José Ramón Oyarzábal

Personal information
- Full name: José Ramón Oyarzábal Uranga
- Nationality: Spanish
- Born: 7 January 1957 (age 68) Iturriotz (Oiartzun) [fr], Guipúzcoa, Spain
- Height: 190 cm (6 ft 3 in)
- Weight: 87 kg (192 lb)

Sport
- Sport: Rowing

= José Ramón Oyarzábal =

Spanish rower

José Ramón Oyarzábal Uranga (born 7 January 1957) is a Spanish rower. He competed at the 1980 Summer Olympics, 1984 Summer Olympics and the 1988 Summer Olympics.

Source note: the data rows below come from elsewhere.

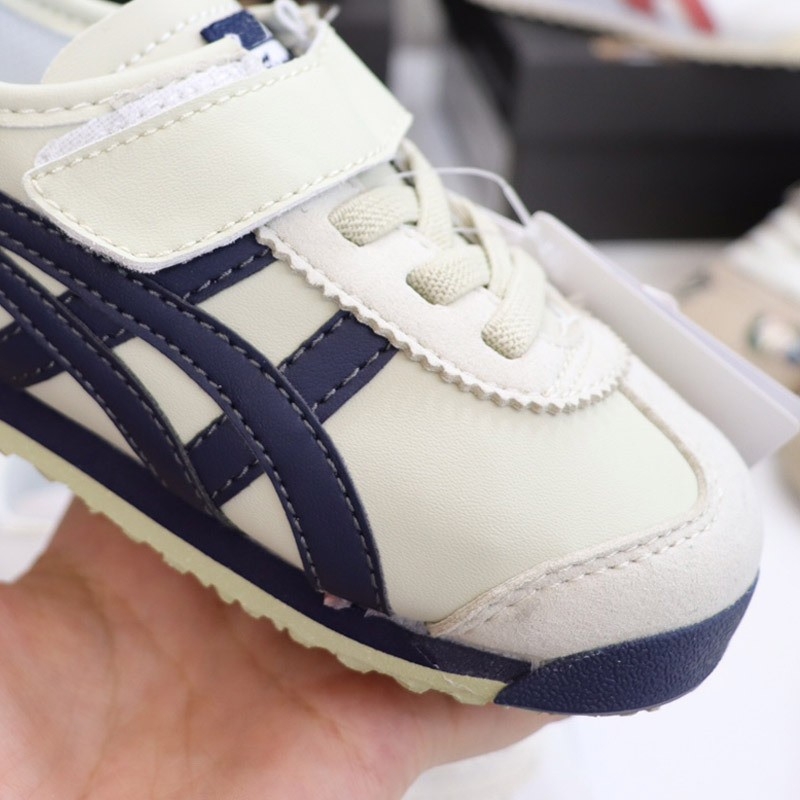 Dječje tenisice za trčanje, lagane, otporne na habanje, s Velcro kopčom, unisex, klasični sportski model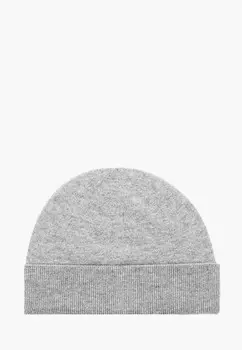 Шапка Love Republic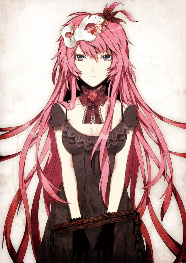 https://static.tvtropes.org/pmwiki/pub/images/Cardy_1060.jpg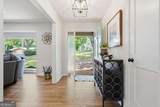 2251 Skyline Drive - Photo 7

He has also participated in several World Rowing Championships. He finished in sixth place in Munich in 1981, fourth place in 1982 in Lucerne; sixth place in 1983 in Duisburg (RFA) all of them in the two (without coxed) together with Luis Mari Lasurtegui. In 1985 he finished 11th in the four without coxed in Hazewinkel (Belgium) and in 1986 ninth in Nottingham (United Kingdom).

He was responsible for the technical improvement rowing center in Legutiano for 16 years, from its opening (1988) to 2003 (two years before its closure). Later he has collaborated in preparatory work in clubs such as the Arraun Lagunak in Donostia-San Sebastián and in Hondarribia.